Time-Series autocorrelative structure of cerebrovascular reactivity metrics in severe neural injury: An evaluation of the impact of data resolution
Amanjyot Singh Sainbhi, Nuray Vakitbilir, Alwyn Gomez, Kevin Y. Stein, Logan Froese, Frederick A. Zeiler
Abstract
Goal: Cerebrovascular reactivity (CVR) dysfunction is a contributor to secondary injury in traumatic brain injury (TBI). The issue with applying non-overlapping moving average filters to reduce temporal resolution of high resolution CVR data is that the autocorrelative structure is ignored. It violates the priors of linearity and raises concerns for the level of certainty for any reported models. The goal is to assess if there is a data resolution for cerebral physiology where Box-Jenkin’s time-series statistical structures can be ignored. The CVR indices were derived in varying temporal resolutions from 10-second to 1-day and each signals’ stationarity was assessed. By varying autoregressive order (1–10), integrative order (0–2), and moving average order (0–10), the autoregressive integrative moving average (ARIMA) models were fit to each index in varying temporal resolutions to obtain median optimal ARIMA models.

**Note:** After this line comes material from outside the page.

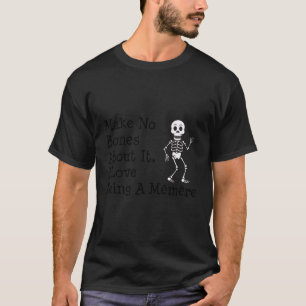 T-shirt Pas D'Os À Ce Sujet J'Aime Être Un Halloween Mémoi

A total of 100 patients were included with 3934.5 minutes of median recording duration. The stationarity analysis showed stationarity in 1st and 2nd order differenced data after temporal reduction. The median optimal ARIMA models for each combination of temporal resolution and CVR indices were found based on Akaike Information Criterion. Autocorrelative function (ACF) and partial ACF plots of residuals confirmed median optimal ARIMA model adequacy. For accurate predictions/trajectory forecasting, the autocorrelative structure needs to be accounted for in CVR data using an autocorrelative order of 8–10 for high frequency data and about 5 for low frequency data. Also, there is the need to understand such ARIMA structures in raw multi-modal cerebral physiology using multi-center high-resolution datasets.